Importação de máquinas e equipamentos pela construção civil foi responsável pelo aumento; consumo do governo cai 1%, na maior retração desde 2014

Por Larissa Quintino, Machado da Costa Materia seguir SEGUIR Materia seguir SEGUINDO
29 ago 2019, 13h22

Depois de dois trimestres negativos, os investimentos da economia brasileira voltaram a crescer e ajudaram a puxar o resultado do Produto Interno Bruto (PIB) do segundo trimestre para cima. O Instituto Brasileiro de Geografia e Estatística (IBGE) informou que, em relação a demanda, a Formação Bruta de Capital Fixo (FBCF), uma medida de investimentos, subiu 3,2% sobre o primeiro trimestre.

Esse aumento foi influenciado pela retomada da construção civil – que teve a primeira alta em 20 trimestres – e surpreendeu economistas.
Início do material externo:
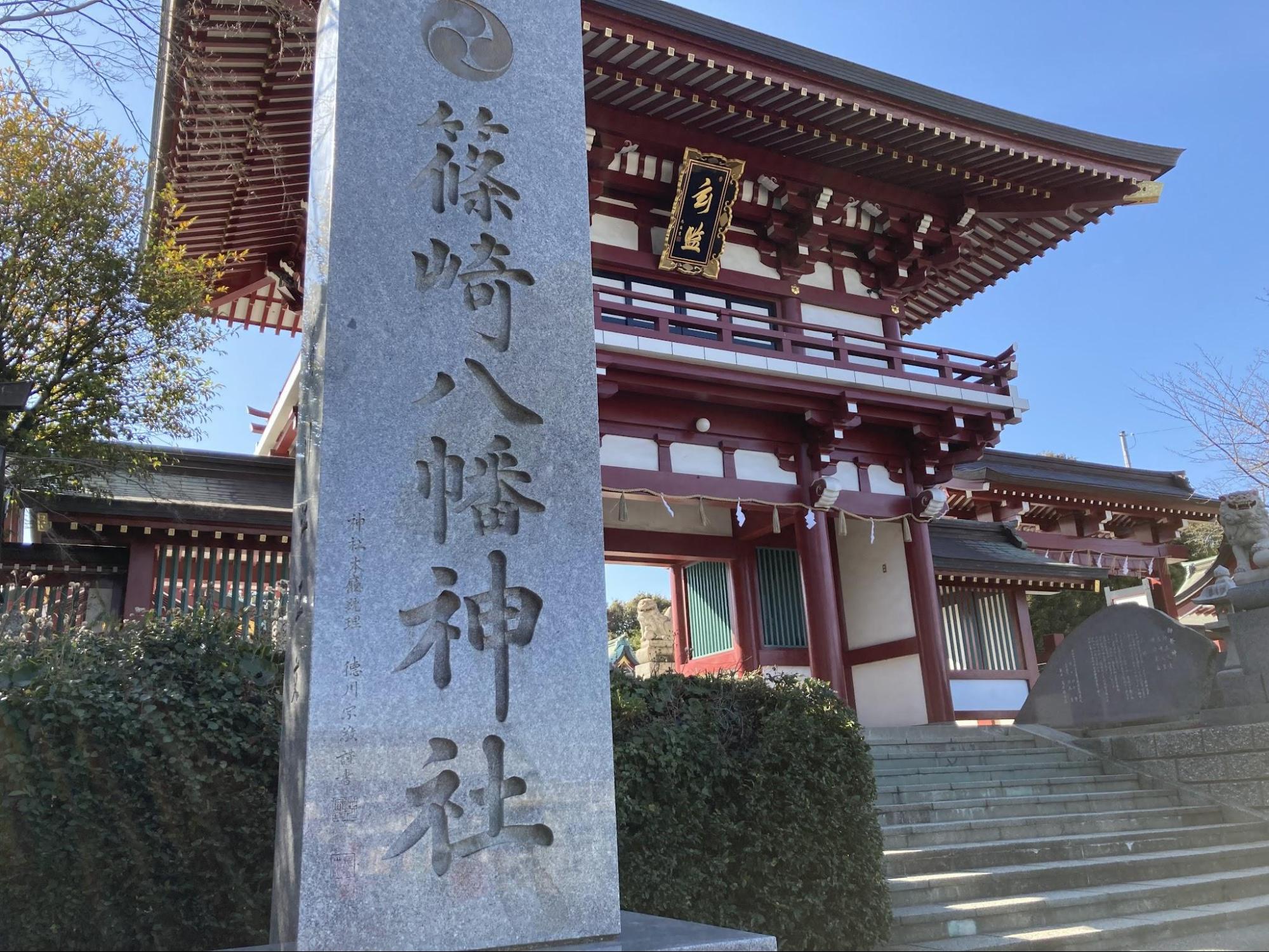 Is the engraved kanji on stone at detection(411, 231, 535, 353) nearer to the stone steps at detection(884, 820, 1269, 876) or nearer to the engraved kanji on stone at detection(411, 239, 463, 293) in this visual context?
the engraved kanji on stone at detection(411, 239, 463, 293)

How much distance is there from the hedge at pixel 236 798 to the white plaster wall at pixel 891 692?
270 inches

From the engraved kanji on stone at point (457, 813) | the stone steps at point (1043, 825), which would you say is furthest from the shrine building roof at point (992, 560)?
the engraved kanji on stone at point (457, 813)

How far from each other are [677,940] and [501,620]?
3.93 feet

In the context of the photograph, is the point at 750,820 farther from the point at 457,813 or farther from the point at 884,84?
the point at 884,84

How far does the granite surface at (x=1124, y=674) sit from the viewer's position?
852 cm

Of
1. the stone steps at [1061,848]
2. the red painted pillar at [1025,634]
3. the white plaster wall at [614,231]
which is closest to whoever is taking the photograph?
the stone steps at [1061,848]

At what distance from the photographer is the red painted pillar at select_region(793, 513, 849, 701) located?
10719mm

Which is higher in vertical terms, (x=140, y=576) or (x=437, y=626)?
(x=140, y=576)

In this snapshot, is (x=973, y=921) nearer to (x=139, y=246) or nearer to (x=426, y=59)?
(x=426, y=59)

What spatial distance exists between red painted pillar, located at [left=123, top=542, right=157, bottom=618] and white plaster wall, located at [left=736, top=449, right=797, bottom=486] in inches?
250

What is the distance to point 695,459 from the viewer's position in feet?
35.7

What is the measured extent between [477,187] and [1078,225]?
37.4 ft

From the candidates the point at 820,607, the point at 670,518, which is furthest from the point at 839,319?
the point at 820,607

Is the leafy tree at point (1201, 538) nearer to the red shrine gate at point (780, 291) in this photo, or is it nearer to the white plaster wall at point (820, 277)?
the red shrine gate at point (780, 291)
A importação de máquinas e equipamentos foi a responsável pela surpresa. “Parte disso é motivado pela aprovação da lei de distrato, no ano passado, o que ajuda as construtoras”, afirma Alex Agostini, economista-chefe da agência de risco Austin Ratings. “Há também a expectativa de queda da taxa básica de juros e a retomada do crédito; essa alta reflete uma aposta do setor”, complementa.

A economia brasileira apresentou alta de 0,4% no segundo trimestre deste ano na comparação com o primeiro trimestre, na série com ajuste sazonal, segundo dados do IBGE divulgados nesta quinta-feira, 29. O resultado reflete a fraca atividade econômica do país, que não conseguiu ensaiar uma retomada de fôlego após ter registrado retração de 0,1% nos primeiros três meses de 2019 – valor revisado pelo instituto, que havia divulgado anteriormente recuo de 0,2% para o período. Em valores correntes, o PIB do segundo trimestre totalizou 1,780 trilhão de reais. Nos primeiros seis meses do governo Bolsonaro, o avanço acumulado da economia brasileira é de 0,7%.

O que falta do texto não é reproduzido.